Dataset extract =>
==================================================

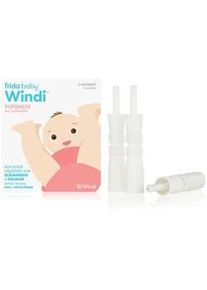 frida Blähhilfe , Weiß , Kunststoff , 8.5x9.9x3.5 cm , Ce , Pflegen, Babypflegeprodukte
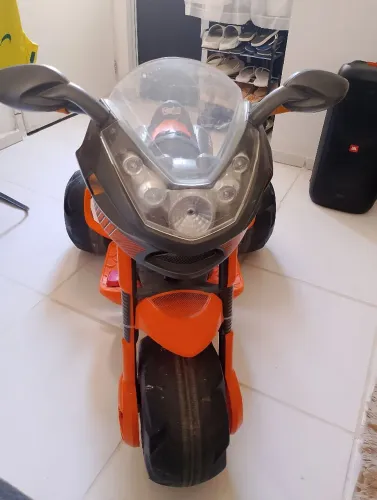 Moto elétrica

==================================================

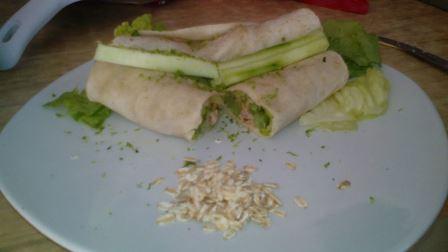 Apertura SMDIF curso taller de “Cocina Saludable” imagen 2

==================================================

Problem requirements =>
Above are some entries. Restate word for word the lines from the one holding "frida Blähhilfe , Weiß" through the one holding "Moto elétrica", but not the pictures.

Output of the task =>
 frida Blähhilfe , Weiß , Kunststoff , 8.5x9.9x3.5 cm , Ce , Pflegen, Babypflegeprodukte
 Moto elétrica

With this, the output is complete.